Jörg Heinrich erlebte nach dem Mauerfall bei Kickers Emden vier euphorische Jahre, die ihn für seine spätere Weltkarriere prägten. Erinnerungen eines „Ossis“ in Ostfriesland.
In den Folgejahren kamen immer mehr Spieler aus der ehemaligen DDR. Zeitweise lief Kickers mit mehr als einem halben Dutzend Ex-Ossis auf. Sie spielten insgesamt vier Jahre für den Klub.
Gleich im ersten Jahr stiegen wir in die dritte Liga auf. In der Saison 1993/94 ließen wir in der Oberliga trotz eines eher überschaubaren Budgets sogar die Zweitligaabsteiger VfB Oldenburg, Eintracht Braunschweig und den VfL Osnabrück hinter uns und wären um ein Haar aufgestiegen. Die Zuschauer rannten uns die Bude ein. Bei normalen Ligaspielen waren fast immer 2500 Zuschauer im Stadion, zu den Aufstiegsspielen kamen dann mehr als 10 000 Besucher zu den Spielen – knapp ein Fünftel der Gesamtbevölkerung Emdens.
Wie müssen wir uns den Zusammenhalt im Team vorstellen?

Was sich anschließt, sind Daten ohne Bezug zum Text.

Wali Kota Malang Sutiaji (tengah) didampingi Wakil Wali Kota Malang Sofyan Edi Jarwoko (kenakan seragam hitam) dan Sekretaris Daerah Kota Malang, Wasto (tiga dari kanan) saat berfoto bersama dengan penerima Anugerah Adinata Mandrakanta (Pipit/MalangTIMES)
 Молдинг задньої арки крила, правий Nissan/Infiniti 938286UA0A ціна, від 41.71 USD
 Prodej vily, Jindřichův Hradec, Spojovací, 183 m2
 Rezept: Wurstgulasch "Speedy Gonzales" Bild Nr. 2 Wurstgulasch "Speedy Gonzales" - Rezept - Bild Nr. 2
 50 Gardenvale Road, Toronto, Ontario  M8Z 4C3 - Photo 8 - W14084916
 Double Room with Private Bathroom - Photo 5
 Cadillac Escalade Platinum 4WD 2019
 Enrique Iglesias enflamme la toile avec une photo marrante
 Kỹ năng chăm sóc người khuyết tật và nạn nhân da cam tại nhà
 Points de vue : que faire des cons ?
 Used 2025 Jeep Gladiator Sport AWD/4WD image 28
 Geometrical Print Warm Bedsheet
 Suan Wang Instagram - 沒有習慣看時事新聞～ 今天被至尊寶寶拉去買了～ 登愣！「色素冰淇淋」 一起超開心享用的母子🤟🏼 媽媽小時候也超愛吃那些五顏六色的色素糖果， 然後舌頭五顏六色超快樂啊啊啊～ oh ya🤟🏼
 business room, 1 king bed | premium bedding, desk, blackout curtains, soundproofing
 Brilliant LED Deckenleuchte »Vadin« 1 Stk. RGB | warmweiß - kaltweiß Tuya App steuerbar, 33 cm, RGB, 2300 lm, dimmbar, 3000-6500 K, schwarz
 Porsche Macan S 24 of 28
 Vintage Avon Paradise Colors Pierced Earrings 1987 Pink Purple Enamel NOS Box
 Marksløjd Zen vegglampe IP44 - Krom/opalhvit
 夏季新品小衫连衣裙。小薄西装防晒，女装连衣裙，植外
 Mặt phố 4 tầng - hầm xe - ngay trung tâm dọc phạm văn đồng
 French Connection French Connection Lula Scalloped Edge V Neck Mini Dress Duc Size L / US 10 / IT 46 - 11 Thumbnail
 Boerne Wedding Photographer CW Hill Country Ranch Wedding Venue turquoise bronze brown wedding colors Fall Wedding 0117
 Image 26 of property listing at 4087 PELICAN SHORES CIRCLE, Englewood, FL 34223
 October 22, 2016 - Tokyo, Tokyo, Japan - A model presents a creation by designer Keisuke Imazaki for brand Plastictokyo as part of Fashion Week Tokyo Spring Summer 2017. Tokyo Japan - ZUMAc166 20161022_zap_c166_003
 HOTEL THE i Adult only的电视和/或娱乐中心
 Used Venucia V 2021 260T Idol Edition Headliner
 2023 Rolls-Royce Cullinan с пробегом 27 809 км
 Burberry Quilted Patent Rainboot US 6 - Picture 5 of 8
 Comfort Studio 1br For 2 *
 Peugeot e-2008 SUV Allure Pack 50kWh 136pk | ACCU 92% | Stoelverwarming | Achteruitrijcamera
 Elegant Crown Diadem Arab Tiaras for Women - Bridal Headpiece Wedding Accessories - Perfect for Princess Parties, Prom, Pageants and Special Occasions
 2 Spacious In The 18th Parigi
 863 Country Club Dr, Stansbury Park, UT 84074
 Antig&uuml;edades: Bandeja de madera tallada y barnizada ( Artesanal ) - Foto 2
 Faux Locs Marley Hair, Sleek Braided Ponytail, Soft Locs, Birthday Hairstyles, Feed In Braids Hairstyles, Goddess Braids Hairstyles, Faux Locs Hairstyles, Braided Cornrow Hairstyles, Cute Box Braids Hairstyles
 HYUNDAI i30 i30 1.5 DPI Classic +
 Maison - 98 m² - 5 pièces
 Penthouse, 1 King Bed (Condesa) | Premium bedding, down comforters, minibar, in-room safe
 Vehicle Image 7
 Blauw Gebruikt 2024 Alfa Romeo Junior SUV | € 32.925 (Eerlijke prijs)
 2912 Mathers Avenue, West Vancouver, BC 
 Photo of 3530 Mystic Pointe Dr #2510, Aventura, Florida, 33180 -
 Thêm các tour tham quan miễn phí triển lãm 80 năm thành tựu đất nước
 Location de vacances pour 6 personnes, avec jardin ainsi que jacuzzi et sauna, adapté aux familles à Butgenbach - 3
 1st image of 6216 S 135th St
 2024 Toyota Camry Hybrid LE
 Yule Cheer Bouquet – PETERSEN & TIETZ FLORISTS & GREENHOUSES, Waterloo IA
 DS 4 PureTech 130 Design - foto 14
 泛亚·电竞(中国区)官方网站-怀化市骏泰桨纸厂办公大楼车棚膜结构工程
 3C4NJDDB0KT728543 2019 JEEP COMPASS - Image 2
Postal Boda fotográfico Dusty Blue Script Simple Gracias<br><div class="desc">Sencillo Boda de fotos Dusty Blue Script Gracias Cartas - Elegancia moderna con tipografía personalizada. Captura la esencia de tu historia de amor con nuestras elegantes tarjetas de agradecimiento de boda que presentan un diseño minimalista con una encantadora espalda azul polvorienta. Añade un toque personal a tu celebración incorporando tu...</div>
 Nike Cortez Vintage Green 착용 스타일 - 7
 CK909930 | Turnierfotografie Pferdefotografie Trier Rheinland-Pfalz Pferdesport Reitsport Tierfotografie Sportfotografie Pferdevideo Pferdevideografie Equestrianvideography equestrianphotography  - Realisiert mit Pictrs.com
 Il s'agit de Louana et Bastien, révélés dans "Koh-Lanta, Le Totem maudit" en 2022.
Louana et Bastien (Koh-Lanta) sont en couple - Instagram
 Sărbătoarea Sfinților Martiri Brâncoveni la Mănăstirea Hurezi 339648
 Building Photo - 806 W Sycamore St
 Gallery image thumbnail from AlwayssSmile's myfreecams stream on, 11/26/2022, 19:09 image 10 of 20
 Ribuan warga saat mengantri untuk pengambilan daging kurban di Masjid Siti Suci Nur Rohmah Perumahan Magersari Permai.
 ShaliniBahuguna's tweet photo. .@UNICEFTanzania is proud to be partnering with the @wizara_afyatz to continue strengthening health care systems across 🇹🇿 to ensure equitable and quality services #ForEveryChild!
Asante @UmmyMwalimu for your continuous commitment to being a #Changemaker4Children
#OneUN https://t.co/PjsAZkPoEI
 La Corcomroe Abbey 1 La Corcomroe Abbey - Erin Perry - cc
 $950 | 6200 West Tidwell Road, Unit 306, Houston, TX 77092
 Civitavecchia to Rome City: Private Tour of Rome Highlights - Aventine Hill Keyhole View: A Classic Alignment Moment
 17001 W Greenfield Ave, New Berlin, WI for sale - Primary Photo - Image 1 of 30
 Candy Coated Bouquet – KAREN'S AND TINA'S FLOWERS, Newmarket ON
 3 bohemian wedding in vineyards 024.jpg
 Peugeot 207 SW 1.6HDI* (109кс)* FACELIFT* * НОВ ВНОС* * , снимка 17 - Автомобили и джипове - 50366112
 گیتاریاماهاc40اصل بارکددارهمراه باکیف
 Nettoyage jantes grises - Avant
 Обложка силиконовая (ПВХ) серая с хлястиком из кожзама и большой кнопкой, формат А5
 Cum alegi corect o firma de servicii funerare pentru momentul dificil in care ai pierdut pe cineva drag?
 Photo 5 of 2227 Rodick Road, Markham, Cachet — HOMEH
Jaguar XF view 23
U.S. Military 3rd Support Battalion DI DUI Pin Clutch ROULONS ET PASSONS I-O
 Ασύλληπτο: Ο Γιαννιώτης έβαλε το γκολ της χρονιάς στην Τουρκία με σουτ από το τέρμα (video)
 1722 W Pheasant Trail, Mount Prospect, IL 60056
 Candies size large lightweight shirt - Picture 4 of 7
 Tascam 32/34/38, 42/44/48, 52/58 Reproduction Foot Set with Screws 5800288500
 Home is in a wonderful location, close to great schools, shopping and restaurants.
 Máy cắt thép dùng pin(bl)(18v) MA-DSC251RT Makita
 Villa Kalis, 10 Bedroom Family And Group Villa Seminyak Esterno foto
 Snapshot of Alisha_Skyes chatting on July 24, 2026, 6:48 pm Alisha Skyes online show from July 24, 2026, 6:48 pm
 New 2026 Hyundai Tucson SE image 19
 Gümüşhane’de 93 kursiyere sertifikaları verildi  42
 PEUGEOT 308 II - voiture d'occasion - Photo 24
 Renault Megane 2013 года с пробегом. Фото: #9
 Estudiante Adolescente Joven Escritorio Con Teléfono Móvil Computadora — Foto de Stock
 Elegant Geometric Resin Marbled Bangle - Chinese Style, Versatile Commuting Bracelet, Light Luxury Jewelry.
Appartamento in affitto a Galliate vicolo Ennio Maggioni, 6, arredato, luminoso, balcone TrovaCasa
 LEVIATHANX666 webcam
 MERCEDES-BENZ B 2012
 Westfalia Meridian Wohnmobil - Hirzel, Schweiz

Wir wurden von der Euphorie getragen und hatten das Glück, oft am Freitagabend unter Flutlicht zu spielen und dann am Wochenende frei zu haben. Nach Siegen haben wir oft spontan die Nacht zum Tag gemacht und kehrten mit der Mannschaft und den Frauen in die Emder Kneipe „Kulisse“ ein. Und manchmal endeten diese Abende in kleinerer Besetzung auch bei mir in der Wohnung.
Ihre alten Kumpels Detlev Uecker und Jörg Müller blieben nach der aktiven Zeit in Ostfriesland. Hätten Sie sich vorstellen können, in Emden alt zu werden?
Nein, das nicht. Denn es boten sich mir bald immer mehr Optionen, höher zu spielen. Im Frühjahr 1993 wurde ich von Eintracht Braunschweig zum Probetraining eingeladen. Schon auf dem Weg dahin war ich überzeugt, dass die mich haben wollen. Und so war es. Aber am Saisonende stieg Eintracht ab und ich entschied, noch ein Jahr in Emden dranzuhängen.
Mit anderen Worten: Das Ziel Profifußball nahm nun rasant Formen an?
Ich war mir irgendwann sicher, dass ich auch ein oder sogar zwei Klassen höher mithalten kann. Nach der Saison 1993/94 wurde ich zum „Oberliga-Spieler des Jahres“ gewählt und bekam etliche Angebote von Profivereinen.
„Nach Siegen haben wir oft spontan die Nacht zum Tag gemacht und kehrten mit der Mannschaft und den Frauen in die Emder Kneipe „Kulisse“ ein. Und manchmal endeten diese Abende in kleinerer Besetzung auch bei mir in der Wohnung”
Wie kam Ihr Wechsel in die Bundesliga zum SC Freiburg zustande?
Wieder ein Zufall. Freiburg-Präsident Achim Stocker machte wegen der guten Luft oft Urlaub an der Nordsee und wollte bei der Gelegenheit im Herbst 1993 einen Spieler vom SV Werder II beobachten, gegen die wir in der Oberliga antraten. Wir gewannen das Heimspiel mit 3:0, ich machte zwei Tore und war wohl ganz gut. Volker Finke hatte meinen Namen über seine alten Kontakte zum TSV Havelse auch mal gehört, sodass wir bald in die Verhandlungen einstiegen.
Keine Angst davor, in der Bundesliga zu scheitern?
Nein, ich habe mir das zugetraut. Der SC Freiburg hatte in der Vorsaison gerade so die Klasse gehalten. Zur neuen Saison verpflichtete Volker Finke zwei Spieler aus der zweiten Liga, dazu mich aus der dritten. Der hatte ein gutes Auge für Fußballer. Und ich dachte: Soviel besser als ich können die auch nicht sein.
Jörg Heinrich, was ist aus Ihrer Zeit in Ostfriesland geblieben?
Die Erinnerung an eine sehr erfolgreiche Zeit und viele nette Menschen, die dafür sorgen, dass ich immer gern nach Emden komme. Im Herbst ist dort dieses Spaßländerspiel Ostfriesland gegen die DDR (am 9. Oktober 2021 im Ostfrieslandstadion Emden, d.Red.) geplant, zu dem ich eingeladen wurde. Hoffentlich lassen es die Termine zu, dass ich da auflaufen kann. Ich würde gern die alten Leute und Emden mal wiedersehen.